友達が周りにいる中でわたしにだけ声をかけてくれるのが嬉しかった。飲みに行けば浴びるように酒を飲ませてくれたし、愛されてると見紛うくらいに優しく抱いてくれた。実習後にこっそりエレベーターホールの隅で待ち合わせして、そこでキスをしたこともあった。

そうやってなんの取り柄もないわたしを特別扱いしてくれる先生に、わたしはどんどんハマっていったのだ。

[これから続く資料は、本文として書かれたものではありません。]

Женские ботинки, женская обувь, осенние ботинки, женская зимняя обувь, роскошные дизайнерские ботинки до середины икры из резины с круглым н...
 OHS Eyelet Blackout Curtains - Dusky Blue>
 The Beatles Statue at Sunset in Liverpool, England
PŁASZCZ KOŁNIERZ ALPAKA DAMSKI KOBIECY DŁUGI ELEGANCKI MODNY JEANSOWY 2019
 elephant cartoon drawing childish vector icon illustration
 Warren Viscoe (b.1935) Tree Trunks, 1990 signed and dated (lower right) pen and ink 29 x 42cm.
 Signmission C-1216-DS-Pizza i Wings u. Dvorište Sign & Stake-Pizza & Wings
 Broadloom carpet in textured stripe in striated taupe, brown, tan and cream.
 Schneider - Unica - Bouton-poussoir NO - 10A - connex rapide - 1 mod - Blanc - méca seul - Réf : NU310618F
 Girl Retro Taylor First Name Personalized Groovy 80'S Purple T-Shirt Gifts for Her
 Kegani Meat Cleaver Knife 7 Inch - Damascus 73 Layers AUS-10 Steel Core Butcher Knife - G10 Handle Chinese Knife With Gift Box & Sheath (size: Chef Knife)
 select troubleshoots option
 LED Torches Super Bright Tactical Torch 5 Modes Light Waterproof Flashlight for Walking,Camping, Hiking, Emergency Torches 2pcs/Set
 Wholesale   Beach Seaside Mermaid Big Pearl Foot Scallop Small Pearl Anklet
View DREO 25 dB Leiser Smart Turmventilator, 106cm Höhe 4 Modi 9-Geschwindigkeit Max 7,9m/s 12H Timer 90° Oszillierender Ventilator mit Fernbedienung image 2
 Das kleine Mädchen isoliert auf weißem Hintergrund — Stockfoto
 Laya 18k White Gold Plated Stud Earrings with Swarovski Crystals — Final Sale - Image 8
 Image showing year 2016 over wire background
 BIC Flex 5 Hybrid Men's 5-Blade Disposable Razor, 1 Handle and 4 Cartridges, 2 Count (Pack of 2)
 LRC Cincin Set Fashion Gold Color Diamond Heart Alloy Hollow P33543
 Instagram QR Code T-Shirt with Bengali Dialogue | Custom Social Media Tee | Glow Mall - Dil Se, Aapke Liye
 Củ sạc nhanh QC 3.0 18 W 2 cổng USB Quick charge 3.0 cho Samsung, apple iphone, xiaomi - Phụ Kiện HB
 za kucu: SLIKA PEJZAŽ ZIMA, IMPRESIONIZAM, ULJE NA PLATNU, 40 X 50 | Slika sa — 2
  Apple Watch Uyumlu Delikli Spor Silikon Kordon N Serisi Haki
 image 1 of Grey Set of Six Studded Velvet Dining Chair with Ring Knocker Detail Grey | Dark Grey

先生に長年付き合っている彼女がいることは知っていた。
けど、わたしは彼女の存在なんて気にも留めていなかった。彼女が強引な手で先生と付き合ったことは噂で知っていたし、何よりその人はお世辞にも美人とは言えなかったから。

あの投稿を見たのはクリスマスだったと思う。
先生の彼女のSNSには、仲睦まじく二人が寄り添う写真が投稿されていた。
なんだ、仲良くないなんて言いながら別れる気ないんだ。やっぱり彼女さん可愛くないなぁ。
あまりダメージを受けたつもりもなかったけれど、心臓をぎゅっと掴まれたような気がした。

彼はわたしの外見をよく褒めてくれた。
その時は単純に私の顔が好みなんだろうと思っていたけど、この投稿を見たあとにふと気付いてしまった。

中身なんて興味がなくて見てやしないのだ。

腑に落ちた。
結局あからさまなご機嫌取りだったのだ。
全てがバカバカしくなって、年末の大掃除と称して先生のLINEをブロックした。また連絡が来るかもしれないと甘ったれた期待をしている自分が本当に嫌になった。でも結局、トーク履歴を消すことはできなかった。


年明けに実習先で先生と遭遇した。
彼も連絡が取れなくなったことに気づいていたらしく、気まずそうに会釈してきた。他人行儀なその対応を見てようやく彼との関係が終わったことを自覚した。
後悔しない日なんてなかったけど、わたしはもうこれ以上ばかな女になりたくなかった。


結局彼は計算で、わたしは執着だったのだと思う。

彼は口封じのためにわたしをもてなしていたし、
わたしは自尊心のために彼を利用していた。

自分には到底手に入らないような人間を、女という性を使い拘束することで優越感に浸る。自分へのコンプレックスを「こんなに良い男と寝ている」という事実で昇華させようとしていたのだ。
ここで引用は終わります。